To make better fuel cells, study the defects

(Nanowerk News) Engineers trying to improve fuel-cell catalysts may be looking in the wrong place, according to new research at Cornell.
There is growing interest in forming the catalysts that break down fuel to generate electricity into nanoparticles. Nanoparticles provide a larger surface area to speed reactions, and in some cases, materials that are not catalytic in bulk become so at the nanoscale.
These nanoparticles, typically just a few tens of nanometers (nm) wide, are not neat little spheres, but rather jagged chunks, like microscale gravel, and researchers have found that they can correlate catalytic activity with information about the number and type of their surface facets. But they may be looking at the forest and ignoring the trees.
gold catalyst
When Amplex Red connects with a gold catalyst the structure is changed to make a fluorescent molecule that immediately emits a flash of light, showing where the catalytic event took place. Right, electron microphoto of a single gold nanorod, encased in a poirus silica shell. The shell keeps rods from clumping together and allows experimenters to use heat to clean away a coating that forms when the rods are created.
"People measure the activity of a sample and then try to understand by using facet information," said Peng Chen, associate professor of chemistry and chemical biology. "The message we want to deliver is that surface defects [on the facets] dominate the catalysis."
Chen's research is reported Feb. 19 in the online edition of the journal Nature Nanotechnology ("Quantitative super-resolution imaging uncovers reactivity patterns on single nanocatalysts").
Instead of particles, Chen's research group studied catalytic events on gold "nanorods" up to 700 nm long, effectively letting them see how activity varies over a single facet. Gold acts as a catalyst to convert a chemical called Amplex Red into resorufin, which is fluorescent.

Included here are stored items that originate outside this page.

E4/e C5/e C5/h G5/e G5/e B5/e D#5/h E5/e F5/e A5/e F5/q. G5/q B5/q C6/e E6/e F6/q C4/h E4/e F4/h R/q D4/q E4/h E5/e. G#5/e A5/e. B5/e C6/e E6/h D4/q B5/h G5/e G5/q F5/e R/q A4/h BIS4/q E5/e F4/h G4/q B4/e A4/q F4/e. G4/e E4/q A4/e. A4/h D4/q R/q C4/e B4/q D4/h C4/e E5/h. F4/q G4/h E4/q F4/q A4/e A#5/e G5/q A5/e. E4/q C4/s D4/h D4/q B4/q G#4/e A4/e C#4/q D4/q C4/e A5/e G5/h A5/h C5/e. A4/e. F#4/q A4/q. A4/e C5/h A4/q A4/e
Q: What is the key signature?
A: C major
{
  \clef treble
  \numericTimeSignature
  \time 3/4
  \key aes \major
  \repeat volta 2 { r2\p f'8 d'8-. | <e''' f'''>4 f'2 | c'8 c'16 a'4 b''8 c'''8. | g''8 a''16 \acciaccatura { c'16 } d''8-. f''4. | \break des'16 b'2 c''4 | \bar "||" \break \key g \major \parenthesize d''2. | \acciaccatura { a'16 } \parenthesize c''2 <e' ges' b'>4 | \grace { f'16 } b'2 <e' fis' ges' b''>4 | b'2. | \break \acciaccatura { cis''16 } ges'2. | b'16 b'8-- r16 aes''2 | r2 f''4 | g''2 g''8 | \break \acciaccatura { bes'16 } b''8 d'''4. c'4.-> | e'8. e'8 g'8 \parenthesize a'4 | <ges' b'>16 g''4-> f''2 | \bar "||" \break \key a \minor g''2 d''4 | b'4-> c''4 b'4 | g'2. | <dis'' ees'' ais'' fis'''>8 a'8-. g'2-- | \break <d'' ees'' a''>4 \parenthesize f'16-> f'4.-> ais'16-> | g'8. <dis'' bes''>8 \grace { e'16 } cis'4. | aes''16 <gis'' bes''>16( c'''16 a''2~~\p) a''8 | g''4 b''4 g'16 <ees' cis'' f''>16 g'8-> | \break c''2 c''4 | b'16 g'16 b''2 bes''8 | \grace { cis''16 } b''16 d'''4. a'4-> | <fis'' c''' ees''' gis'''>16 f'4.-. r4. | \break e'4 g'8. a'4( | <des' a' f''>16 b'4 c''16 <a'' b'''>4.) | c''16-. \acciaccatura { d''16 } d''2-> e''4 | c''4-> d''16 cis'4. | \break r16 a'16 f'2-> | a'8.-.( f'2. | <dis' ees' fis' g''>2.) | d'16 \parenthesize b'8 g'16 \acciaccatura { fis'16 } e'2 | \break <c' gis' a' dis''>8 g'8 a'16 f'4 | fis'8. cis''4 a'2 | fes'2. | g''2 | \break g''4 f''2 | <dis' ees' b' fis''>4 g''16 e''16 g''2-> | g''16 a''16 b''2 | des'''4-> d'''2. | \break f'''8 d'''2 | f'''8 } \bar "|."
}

Each time a catalytic event occurs, the newly created molecule of resorufin emits a flash of light that is detected by a digital camera looking through a microscope. A flash typically appears as several pixels, and additional computer processing averages their brightness to pinpoint the actual event to within a few nanometers. The researchers call the technique "super-resolution microscopy." After flooding a field of nanorods with a solution of Amplex Red, they made a "movie" with one frame every 25 milliseconds.
The researchers found more catalytic events near the middle of a rod, tapering off toward the ends and a jump back up at the ends. They also found variation in the amount of activity from one rod to another, even though all the rods have the same types of facets.
To explain the results, they proposed that activity is higher in areas where there are more surface defects. The nanorods are made by growing gold crystals from a small "seed" crystal, growing outward from the center to the ends, Chen explained, and more defects form at the beginning of the process.
"Knowledge of the surface facets ... is insufficient to predict reactivity," the researchers said in their paper. "Surface defects … can also play a dominant role."
The findings with a gold catalyst and fluorescent molecules should be equally applicable to other catalysts, including those used in fuel cells and for pollution remediation, Chen said.
The research was supported in part by the Army Research Office, the National Science Foundation (NSF), the Department of Energy and the Alfred P. Sloan Foundation. Part of the work was carried out at the Cornell Center for Materials Research and the Cornell Nanoscale Science and Technology Facility, both supported by NSF.